**Data records**.
-- Opening Marker --
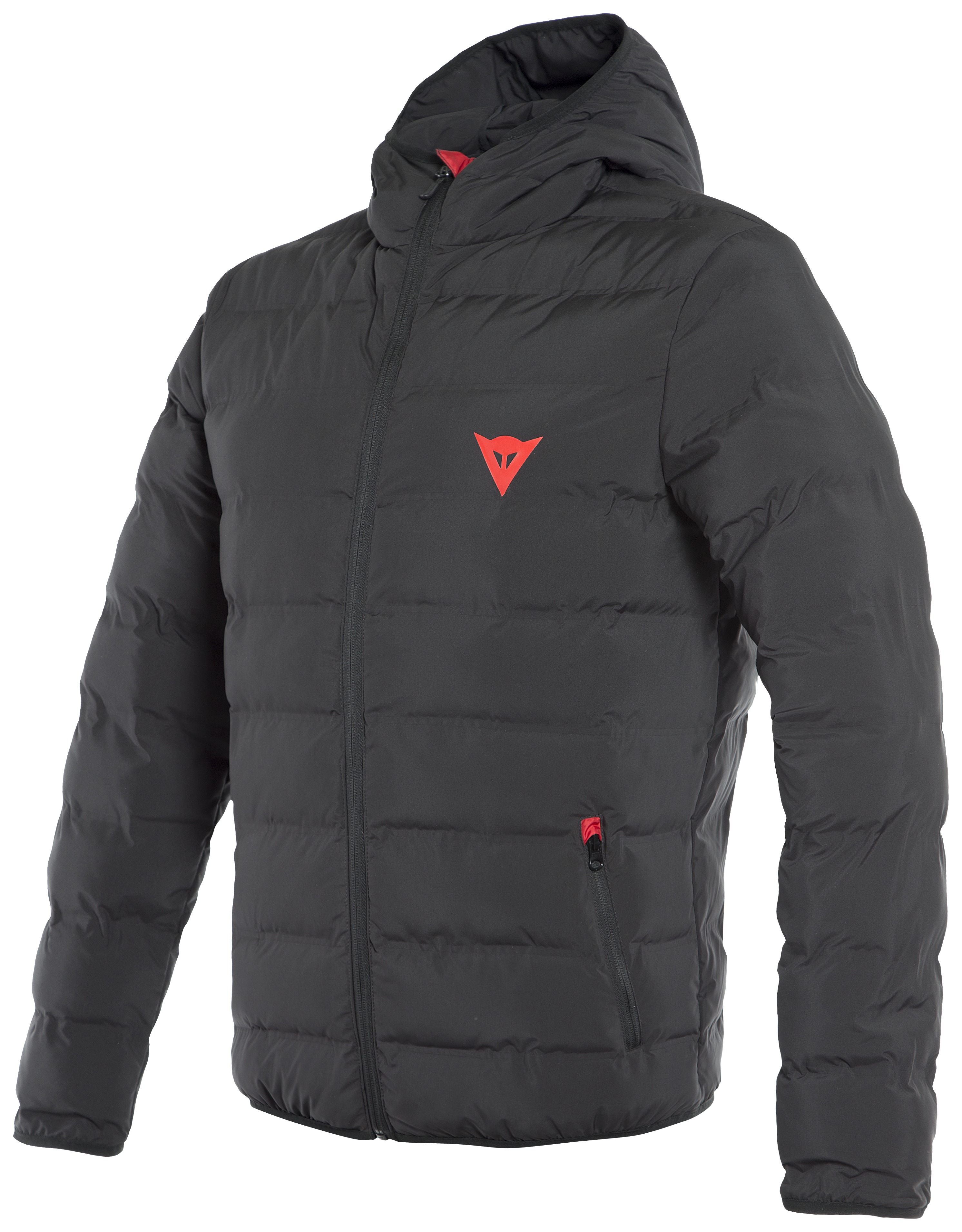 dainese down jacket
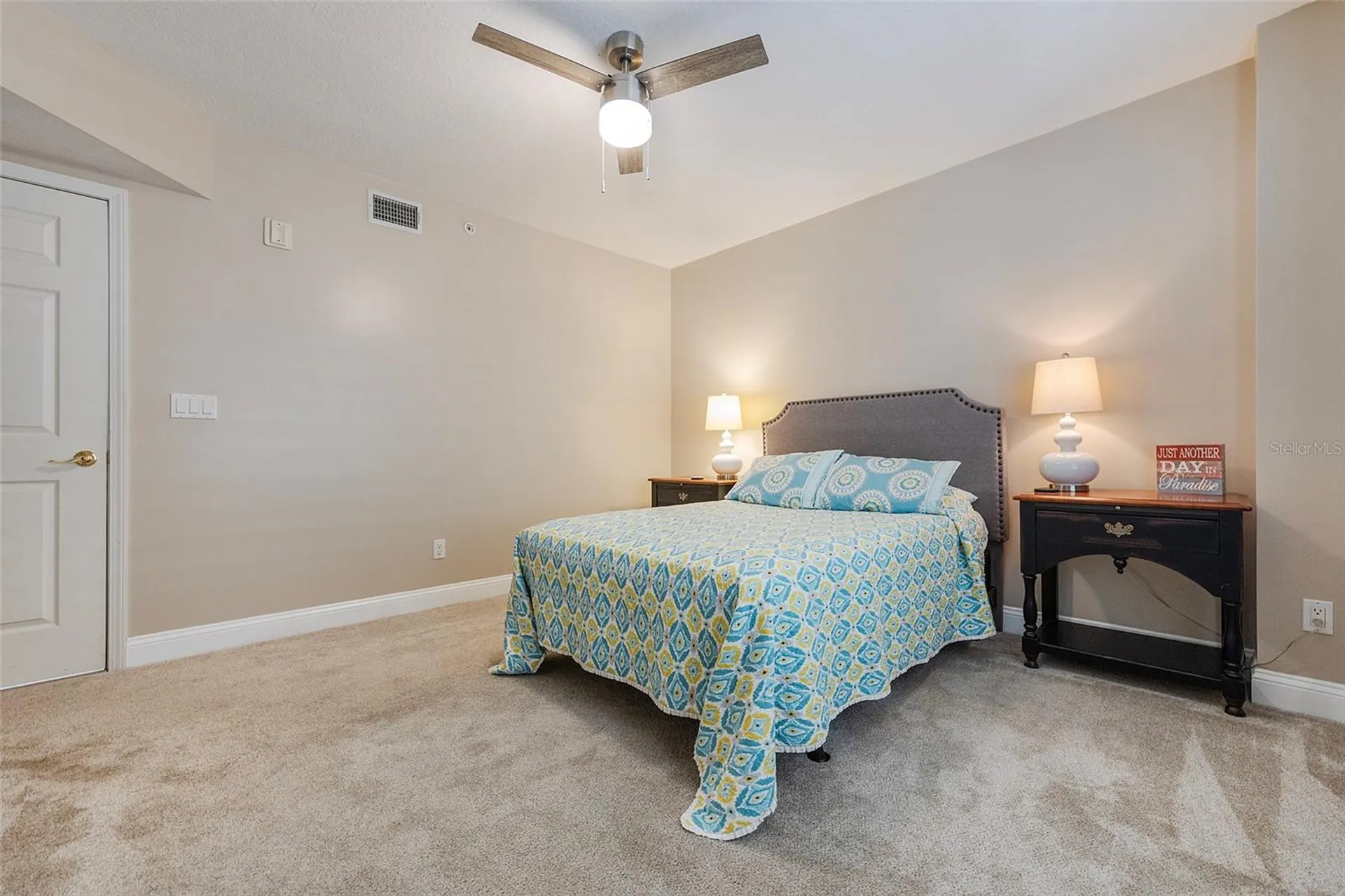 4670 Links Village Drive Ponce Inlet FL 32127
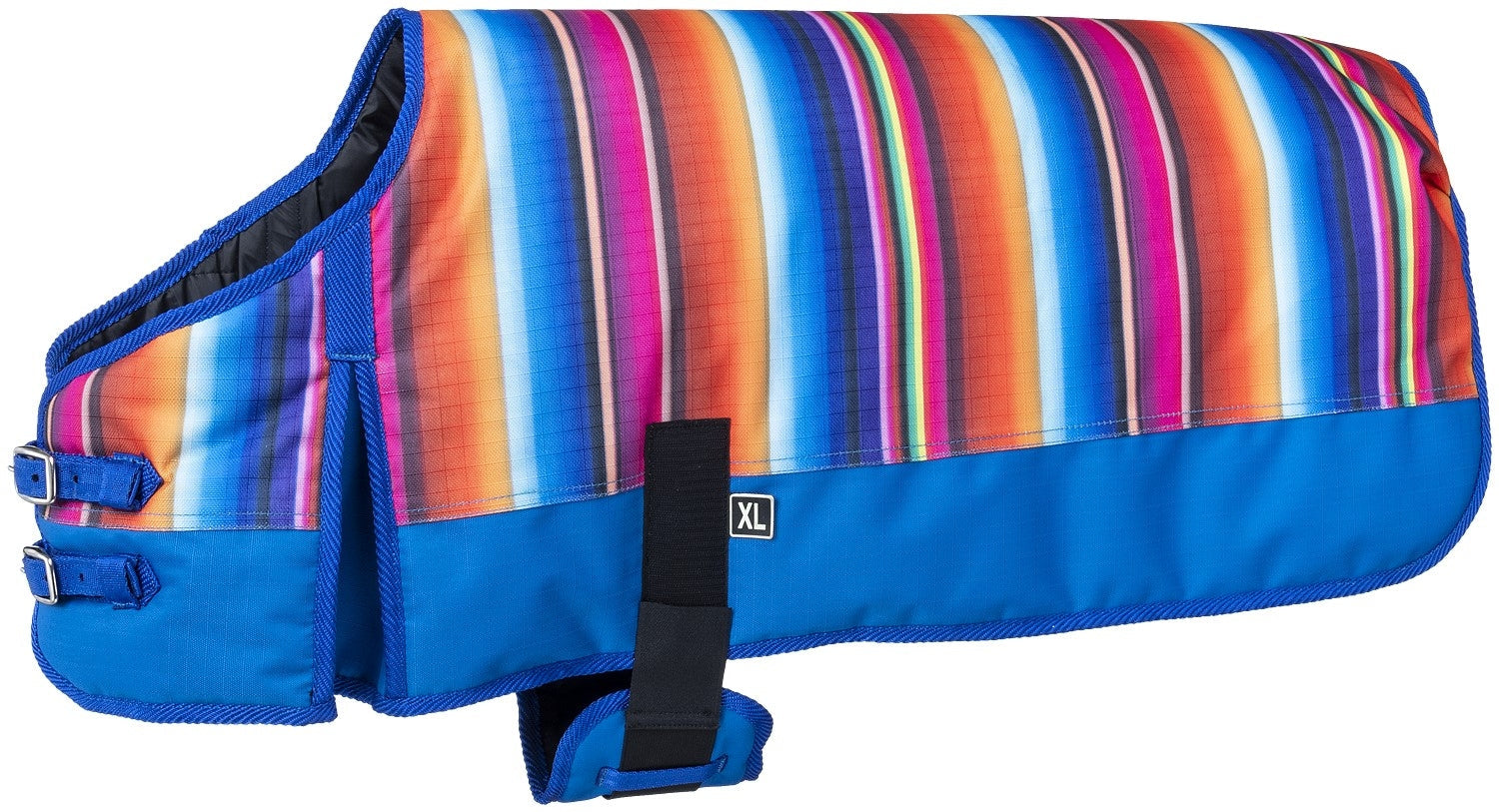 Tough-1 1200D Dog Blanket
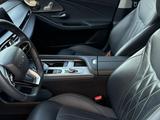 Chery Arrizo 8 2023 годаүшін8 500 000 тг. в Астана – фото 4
-- Closing Marker --
-- Opening Marker --
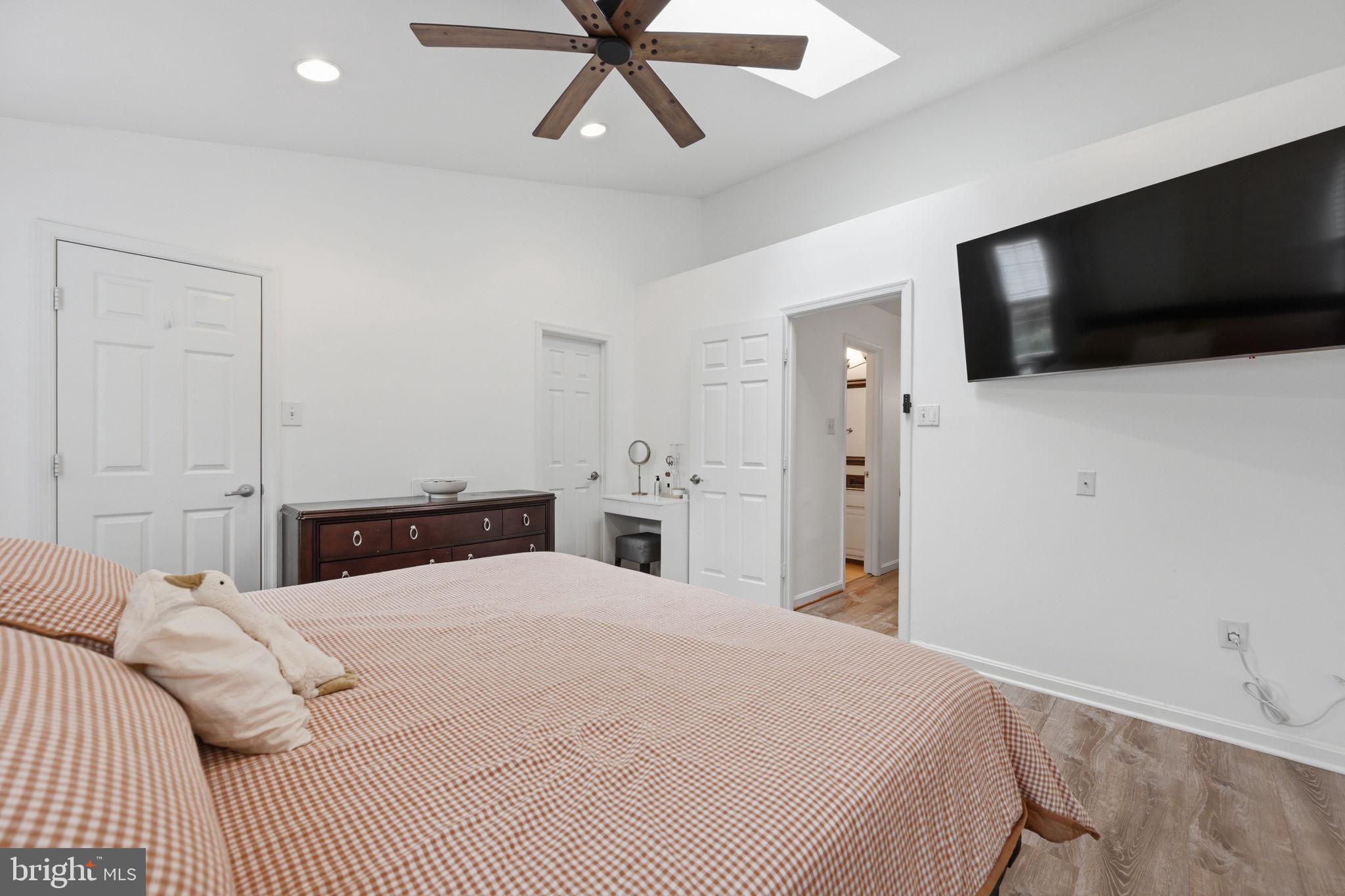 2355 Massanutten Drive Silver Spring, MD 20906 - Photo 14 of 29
-- Closing Marker --
-- Opening Marker --
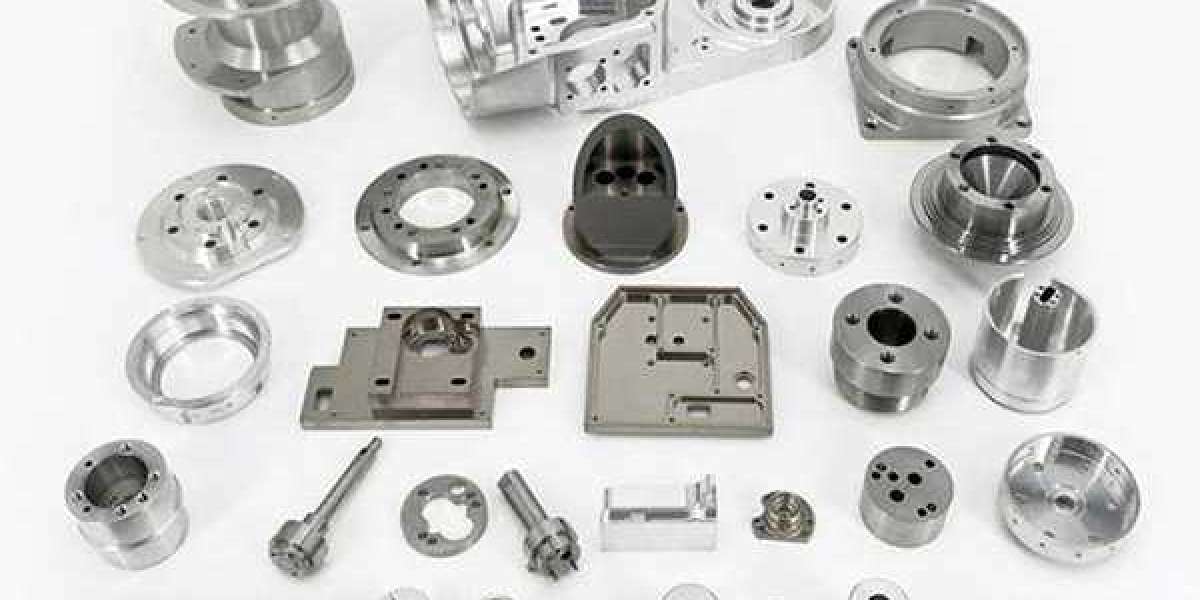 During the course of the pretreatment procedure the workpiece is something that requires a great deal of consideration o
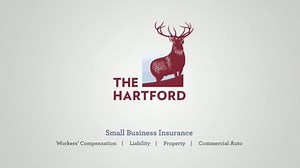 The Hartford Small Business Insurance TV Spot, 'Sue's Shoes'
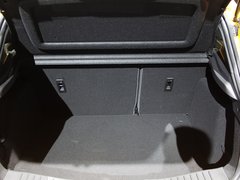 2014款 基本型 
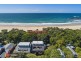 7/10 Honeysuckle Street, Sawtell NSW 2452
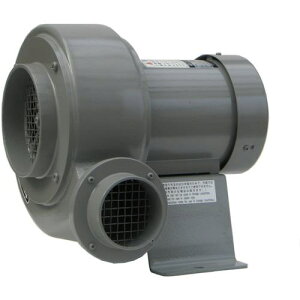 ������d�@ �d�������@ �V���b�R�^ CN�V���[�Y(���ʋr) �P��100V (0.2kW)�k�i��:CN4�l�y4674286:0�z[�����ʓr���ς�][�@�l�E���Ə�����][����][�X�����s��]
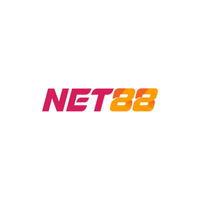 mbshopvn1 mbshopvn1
-- Closing Marker --
Look above for the line with "During the course" and the line with "7/10 Honeysuckle Street, Sawtell NSW 2452", then copy them and all lines in between exactly as written, and only those, without any pictures.

**Exercise output**.
 During the course of the pretreatment procedure the workpiece is something that requires a great deal of consideration o
 The Hartford Small Business Insurance TV Spot, 'Sue's Shoes'
 2014款 基本型 
 7/10 Honeysuckle Street, Sawtell NSW 2452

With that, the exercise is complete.